(Captioned web images)
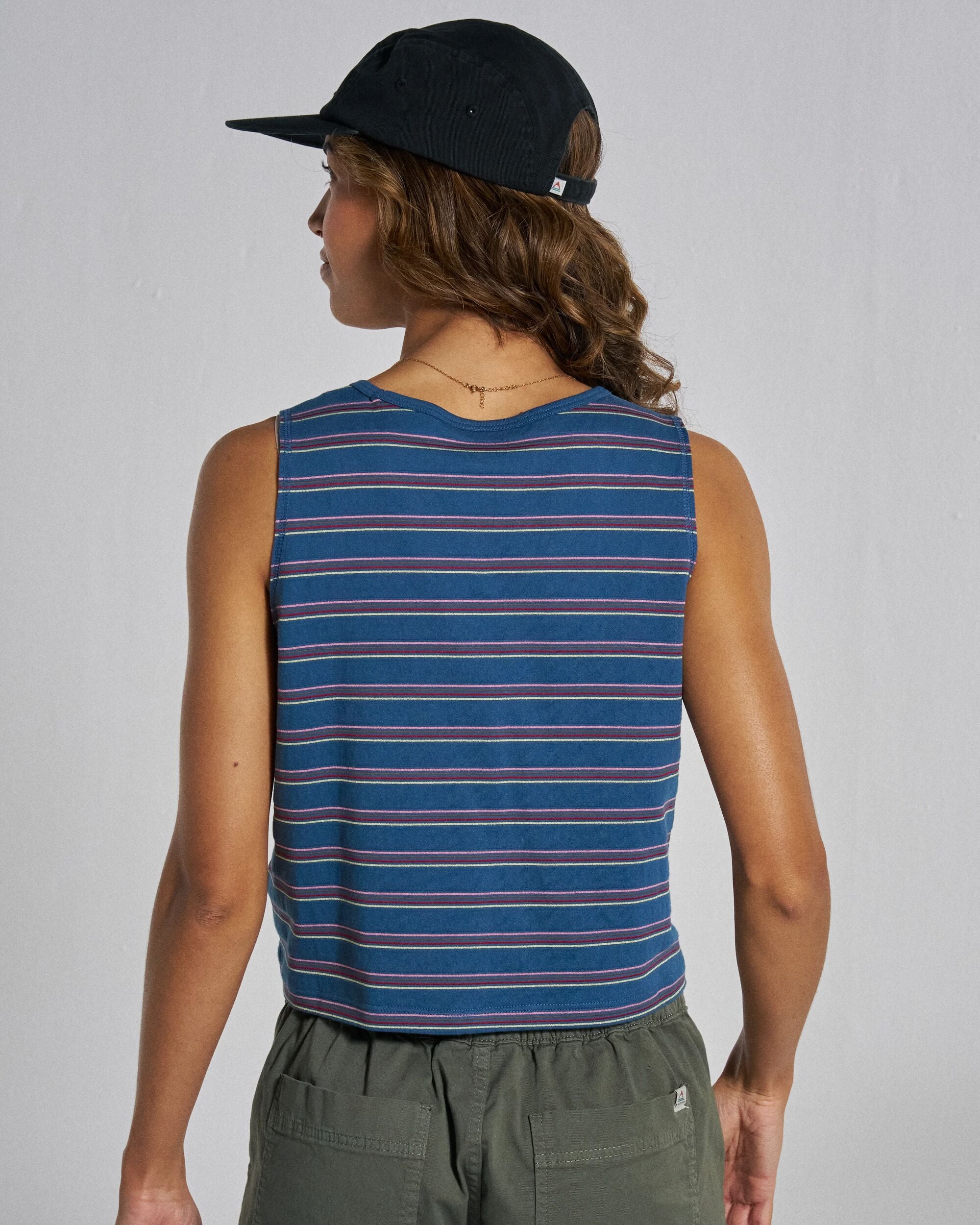 Retro Vibes Vest  - Dark Denim Stripe - Studio Model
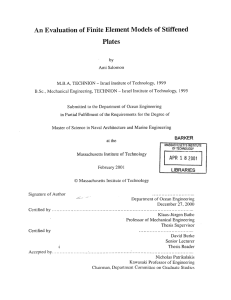 An  Evaluation of  Finite Element  Models ... Plates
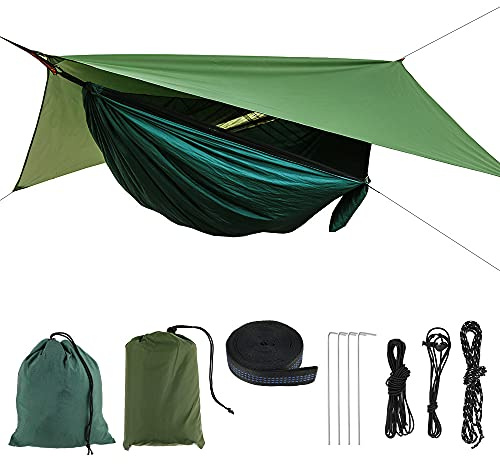 Hamaca de mosquitera con protección contra la lluvia, hamaca transpirable resistente, impermeable, resistente al viento, cama colgante portátil para camping y senderismo (A)
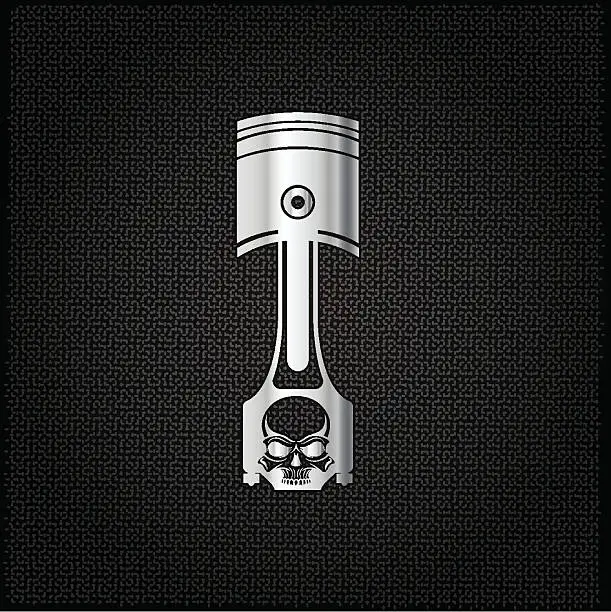 Vector illustration of silver biker theme design template with piston and skull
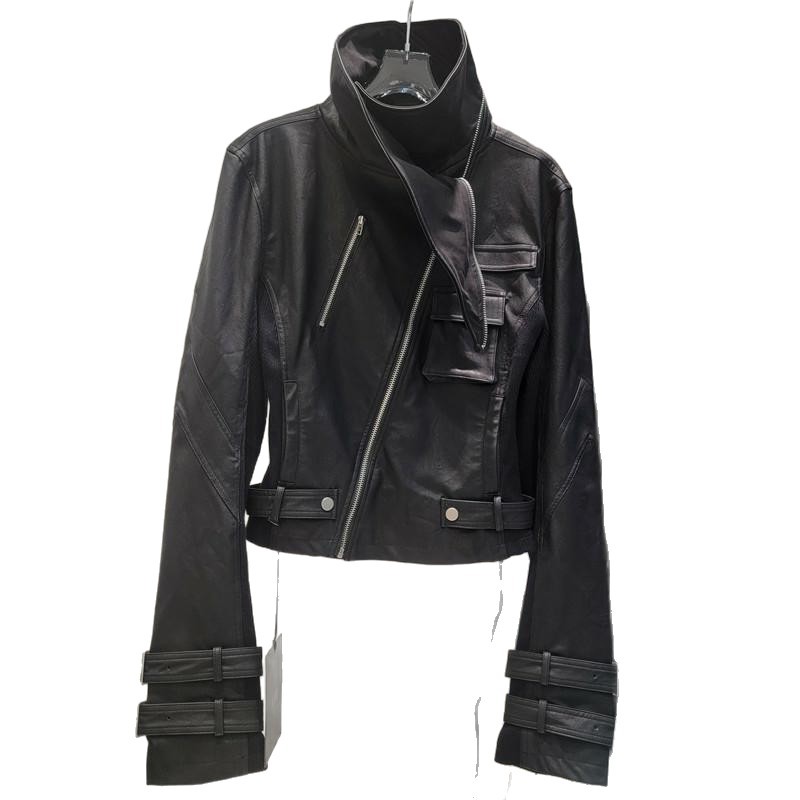 2025 otoño nuevo estilo de moda de collar vertical con cremallera empalme de punto de mujer delgada y delgada chaqueta de motocicleta
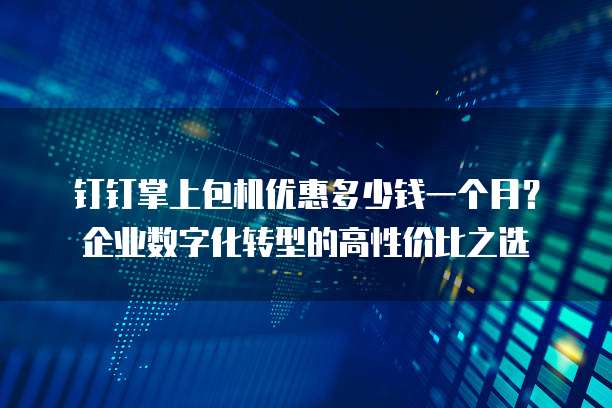 钉钉掌上包机优惠多少钱一个月?企业数字化转型的高性价比之选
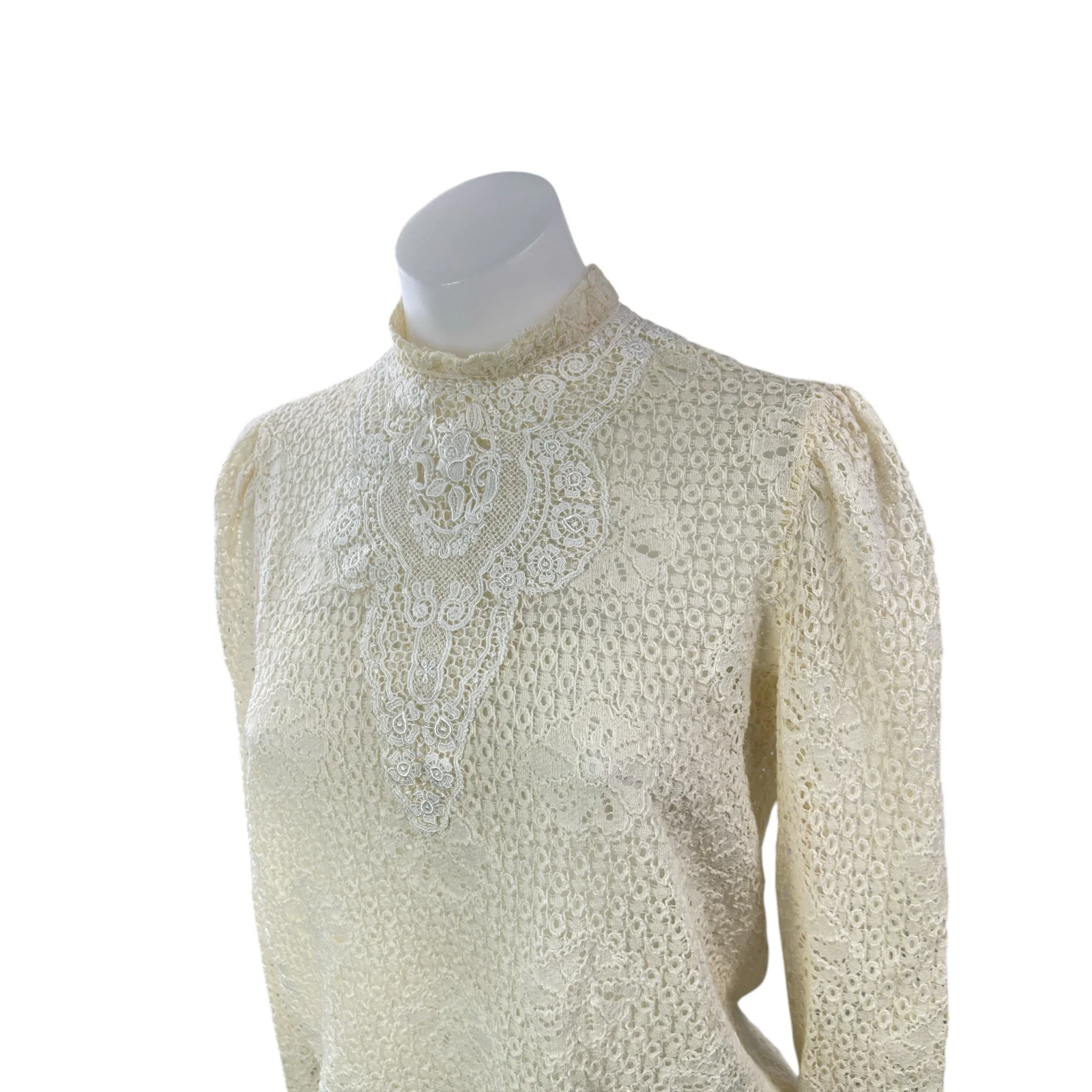 Philosophy Cream Floral Lace Embroidered Mock Neck Long Sleeve Blouse Top Size S - Image 3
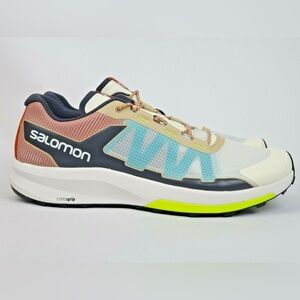 Salomon Low-Top Sneaker in White, Light Blue & Neon Yellow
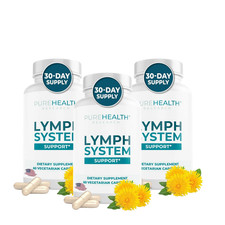 PUREHEALTH RESEARCH Lymph System Support Supplement,Lymphatic Drainage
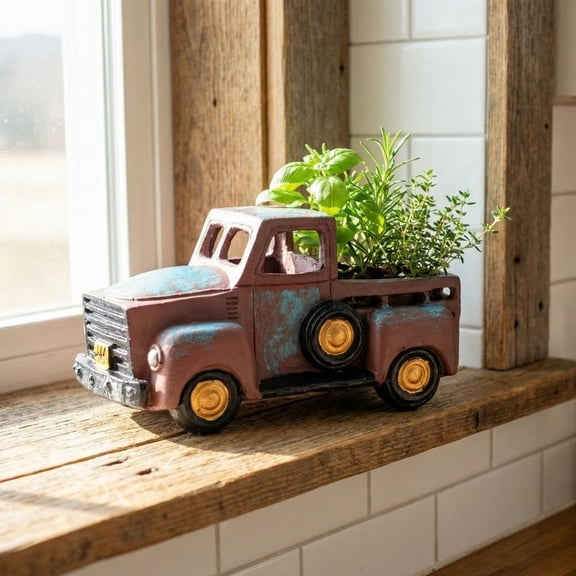 Retro Pickup Truck Flower Pot, Blue Vintage Truck Decor, Farmhouse Small Truck Planter for Cactus Succulents, Indoor Outdoor Garden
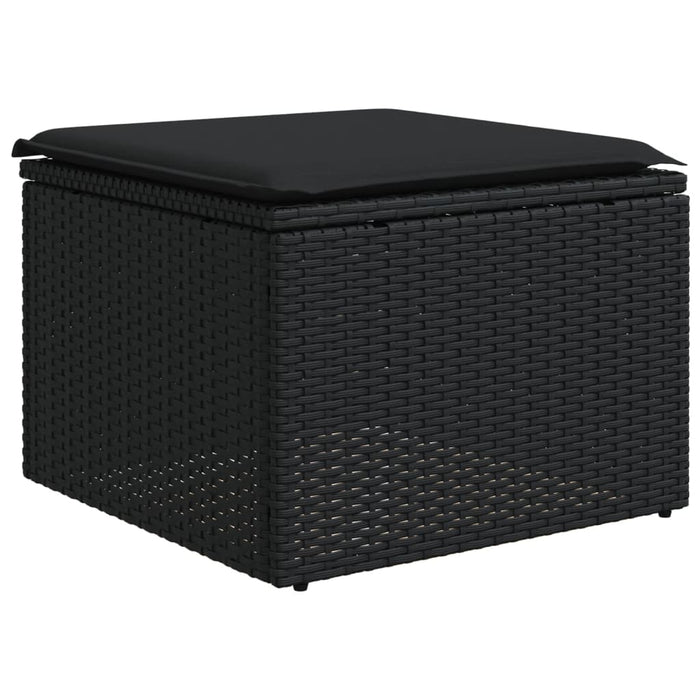 Set canapele de grădină cu perne, 10 piese, negru, poliratan WALTI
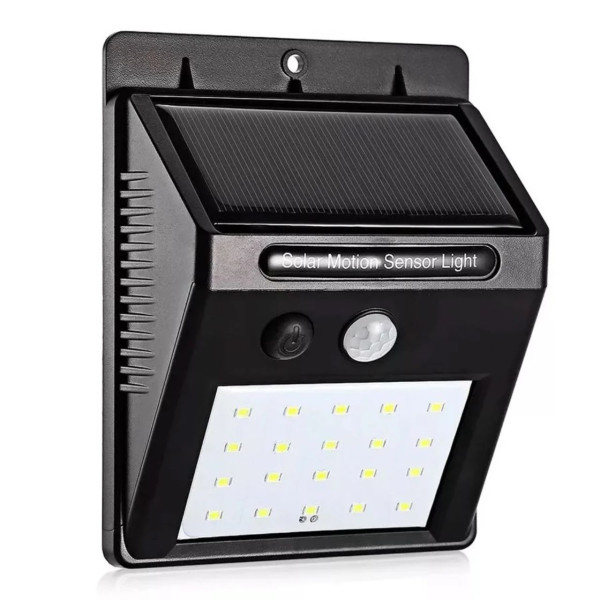 Luminária Parede Solar 30 Leds Sensor Movimento L...
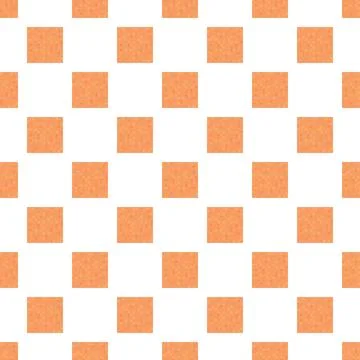 Orange and white checkered grid pattern background Stock Illustration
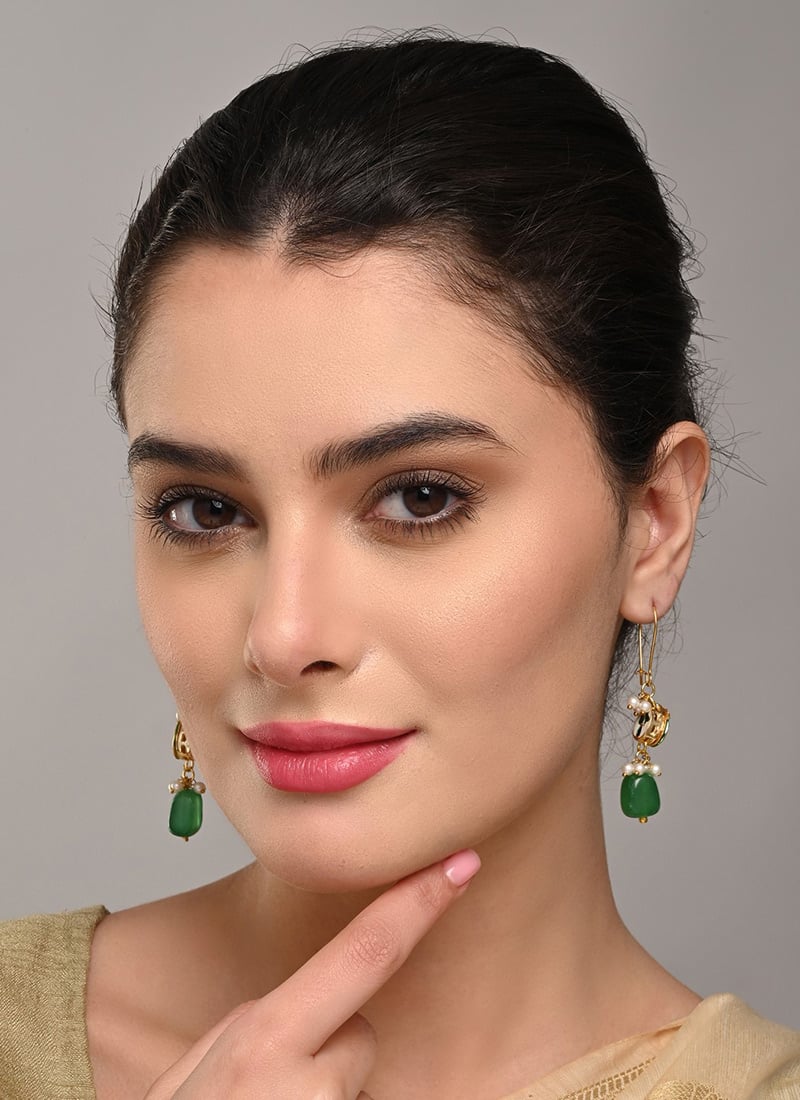 Elegant Green Kundan Stone Bead Drops After Six Wear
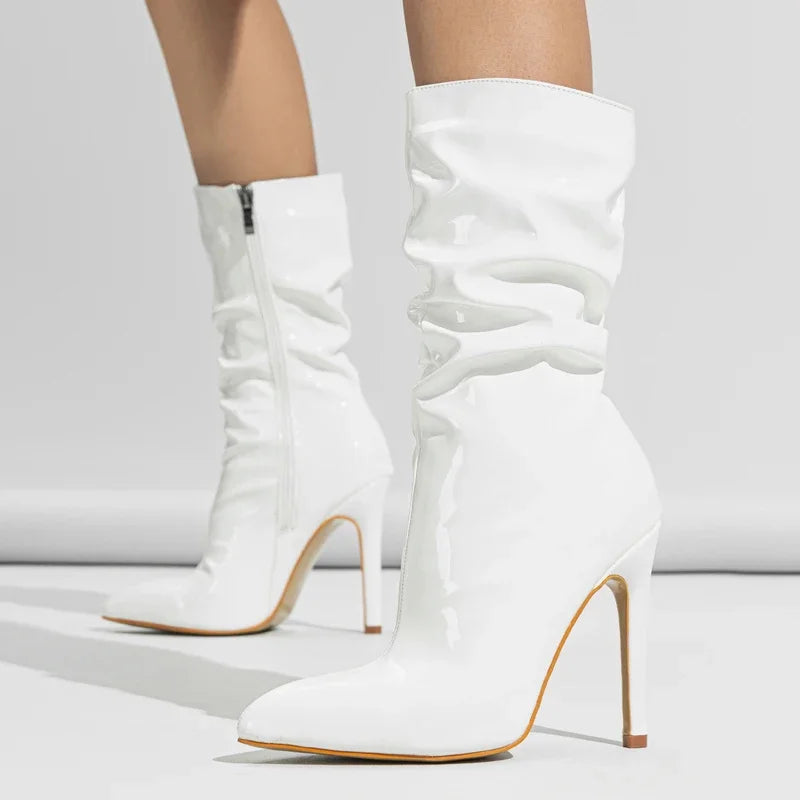 Bottines fines à talons hauts sexy en cuir verni pour femmes
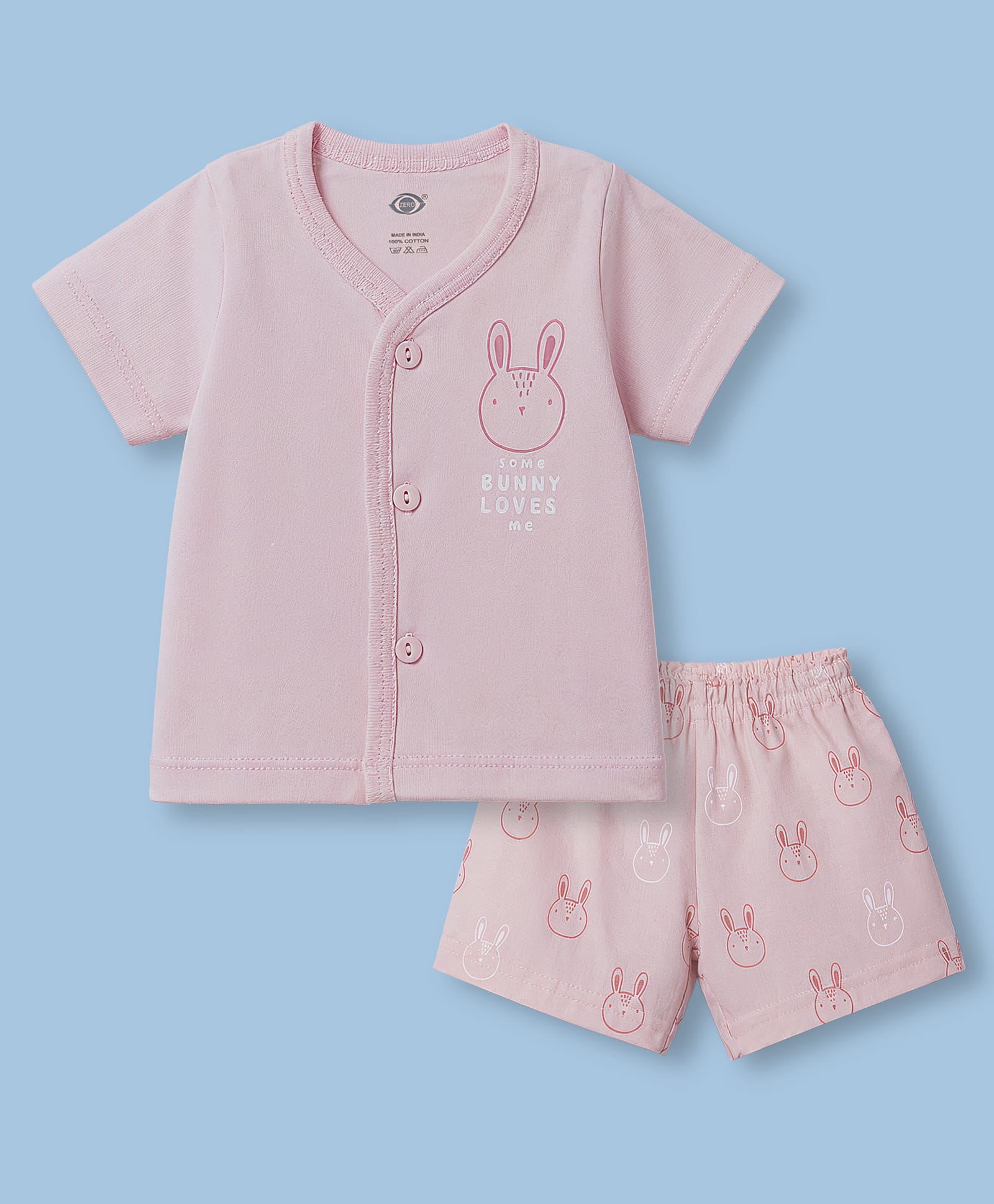 Zero Sinker Knit Half Sleeves T-Shirt & Shorts Night Suit With Bunny Print - Light Pink-picture-27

### TASK ITEM
The reply should hold the entries above from the line with "Luminária Parede Solar" to the line with "Bottines fines à", duplicated exactly, pictures excluded.

### SOLUTION TO THIS TASK
 Luminária Parede Solar 30 Leds Sensor Movimento L...
 Orange and white checkered grid pattern background Stock Illustration
 Elegant Green Kundan Stone Bead Drops After Six Wear
 Bottines fines à talons hauts sexy en cuir verni pour femmes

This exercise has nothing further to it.